This 6-digit counter has German text on the front. It looks like home built. A TTL based frequency counter, using the rare SN74142 counter-latch-decoder IC. It has 6 NEC nixies.
Late 2014 I bought this counter on the NVHR radio swapmeet. It can measure frequency up to 500 MHz and has two ranges and two gate times. Gate times are 0,1 μs or 1 s. The counter has a single input.

There are three toggle switches on the front:

The digital circuits are on a single circuit board. This is a dual layer tin-plated PCB. The display counter consists of SN74142 IC's, each of them containing a decimal counter, latch and decimal decoder/nixie driver. The counter has a 1 MHz time base counter. Its signal is divided to a gate signal by a 6-stage divider chain made of SN7490 decimal counters. Another few TTL circuits are used to build up the control unit.

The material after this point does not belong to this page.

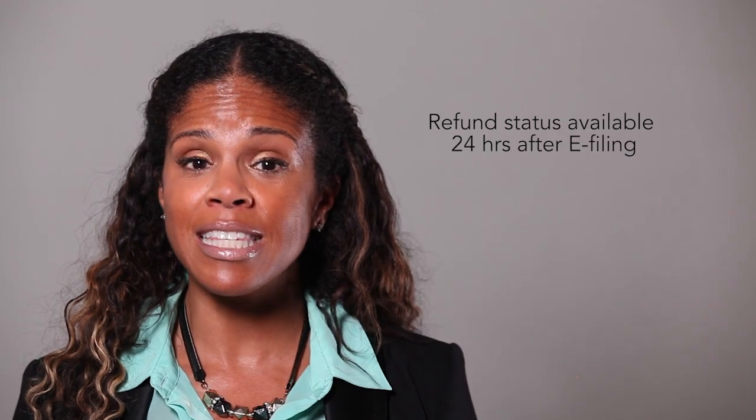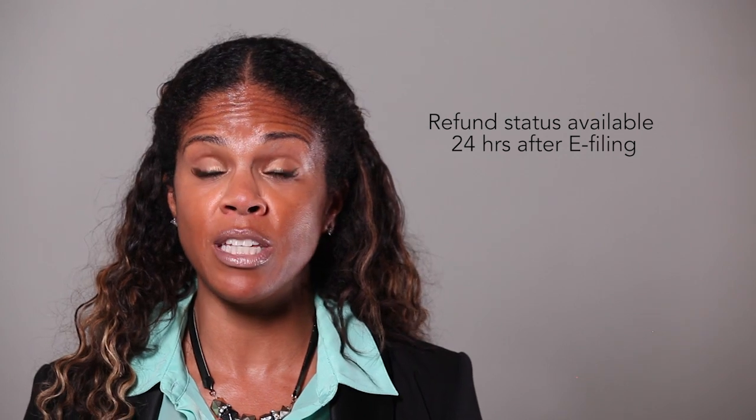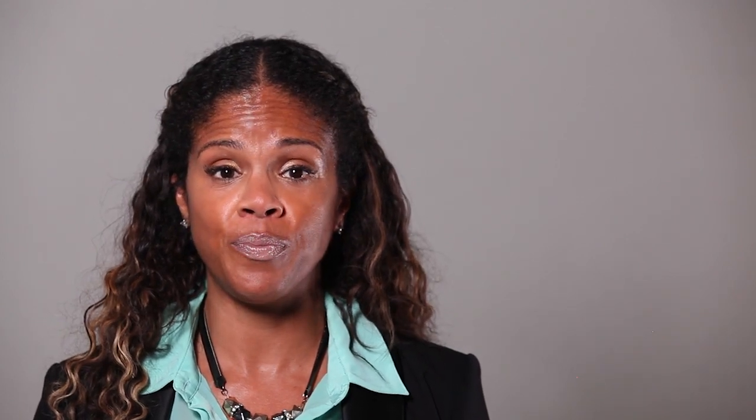You can start checking the status of your tax return within 24 hours after the IRS receives your e-file tax return. You will not see a date for your refund right away. The IRS must first process and approve your tax return.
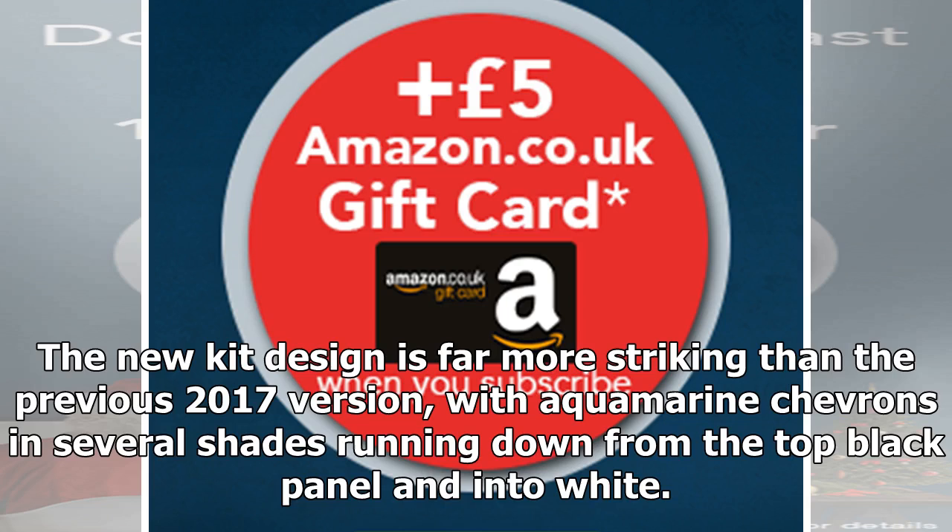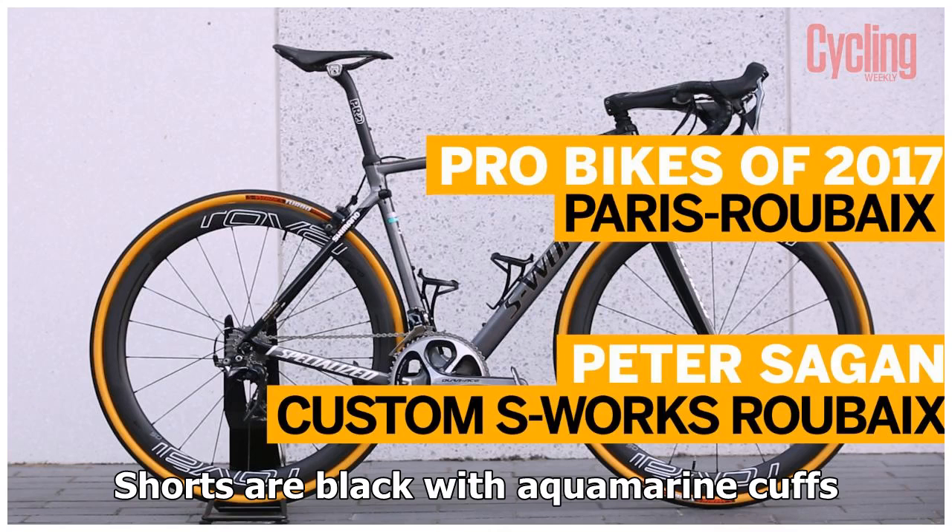The new kit design is far more striking than the previous 2017 version, with aquamarine chevrons in several shades running down from the top black panel and into white. Shorts are black with aquamarine cuffs.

The input circuit is built up on a small circuit board. It contains a comparator for the 50 MHz input and a xxx fast counter for the 500 MHz input.

Inside view

A look inside from above, showing the ciruit board and it contents.

After a quick visual check I switched on the counter. It seemed to work but the display did not show all zeroes but 40-60 counts. There seemed to be interference caused by the fact that the input was open. When I connected it to the output of a signal generator, and put my FC7008 counter in parallel, I could see that they almost had the same readout.

I checked the frequency of the time base oscillator and got 1.000006 MHz. I decided to trust the FC7008 and set the time base to exactly 1 MHz.

This counter is working ok now. Only, its input sensitivity is not very good. And it tends to pick up interference when not connected to a low impedance source.